Seth Shapiro's Business Innovation Blog

I was a lonely kid. I had good friends but I was an only child – when I went to nursery school, my first best friend died in a fire. I went into my own head some, the way kids do. When I was ten, my grandmother offered to give me her piano. I wanted it, but my father said no.  So I got a crappy guitar instead, took a few lessons from some folkie and quit.

Then, around fifth grade, my friend Allan and I started listening to his dad’s old Beatle records. It was, to paraphrase Keith Richards, like the world went from black and white to color. For the next ten years, guitars were the center of my life. I loved the power of them, the beauty of the bodies, the variety and the imperfection of them (when you think about it, an Em11 tuning makes absolutely no sense).

I played an average of three hours a day, became a composer, started an indie label, was a musician for a decade and a half, till I left for this weird new thing called “digital” in 1993… in retrospect, all on the initial thrust of that love of guitars. Then I got caught into digital video, coding, birth of the web, games, interactive TV, the new world I grew to love.

By 2003, I had been working in digital full-time for 10 years, been at DIRECTV for three. I was getting bored. In the wake of 9/11, I missed New York – for some reason that got me playing again.  The only difference was that now I could afford the good stuff. So I went on a tear, collecting guitars and gear, playing a lot, picking up where I’d left off.

If you’ve never lived with a guitar geek, you’re not missing much. We’re like golf geeks but we sleep late. Like fly fisherman without the exercise.  Guitar geeks debate what year companies moved out of their Kalamazoo factory. They sneer at those who use .008 strings instead of the manly .013. They argue whether it’s shrewd or retarded to put fiberglass in F holes. That’s the world I rejoined.

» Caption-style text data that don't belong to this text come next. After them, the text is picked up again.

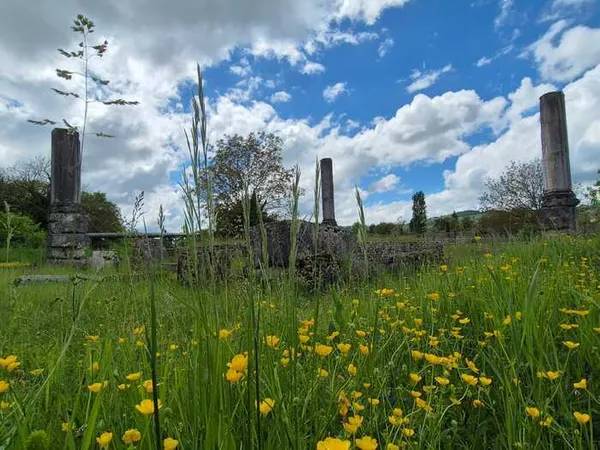 Visite guidée : Les vestiges du temple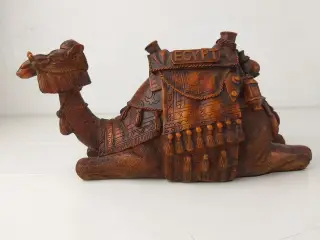 Sjov og dekrotiv Kamel fra Egypt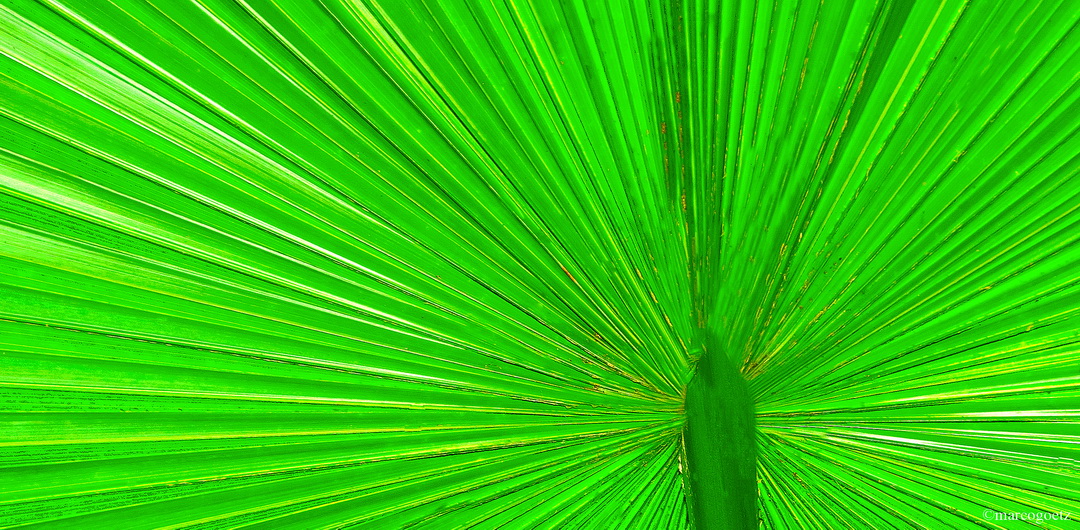 PALME BLATT COSTA RICA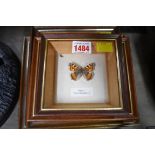 Taxidermy: four framed butterfly displays.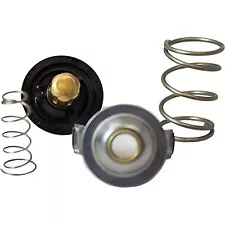 RT-1163 Motorcraft Thermostat New for Ford Thunderbird Lincoln LS 2003-2006 (For: 2005 Ford Thunderbird)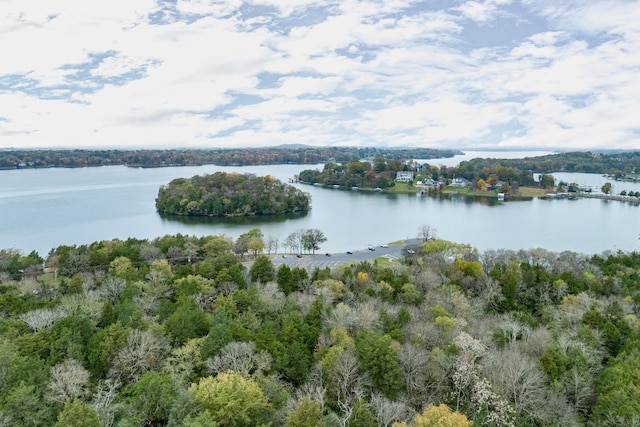 556 Lakeshore Dr, Old Hickory, TN 37138 - water view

In the process, I found a patron saint of lunatics, a man whose rants on the stupidity of big guitar makers and other companies – how to do things right, which only a handful of Earthlings did, apparently– left me speechless.  I read everything he wrote.  He was insane. He was a genius. His name was Ed Roman. I called him. He owned a guitar in Fairfield CT but was sick of it. Lots of headaches, traffic, various idiots. He was shutting the place down and re-opening in Vegas. It was not going to be another McShitburger Guitar Center, he told me:  it was going to be a guitar palace. Only the very best, handpicked Paul Reed Smiths – not the post-95 ones with the absurd neck heel. Whole rooms of Rickenbacker 12 strings. The best arch tops. Custom made solid bodies from exotic woods. Holy shit, I remember thinking. This guy is building Heaven.

He did. I watched the pictures go up on his new site.  I drove to Vegas, played twenty guitars for six hours and spent $9,000. Life went on, as it does. My guitar room became my daughter’s bedroom. I missed my old friends, in their cases, but I’d been through it before. When I had lunch with my friend Fred Goldring (another guitar guy) and talked about it, he said ” You have to play. You need to.” He found the time, and he was a busy guy.

I knew he was right, but I didn’t do it.

When we decided to get a second place in Vegas, I had a secret joy: I would be down the road from Ed Roman Guitars.  I thought about that as we packed in the heat and looked at houses. It kept me sane. I’m in Vegas this week. I’ve been missing playing a lot. So yesterday, in a burst of energy, I got in the car and called the store.

Turns out Ed Roman passed away two weeks ago. The store shut down a ways back. In seven years of trips to CES and NAB, every time I’d come to Vegas, I always meant to stop off and play. I never did.

I never knew Ed Roman. I spoke to him maybe five times, met him maybe four.  But I miss him.

All of this is essentially meaningless except to say: if you love something, do it.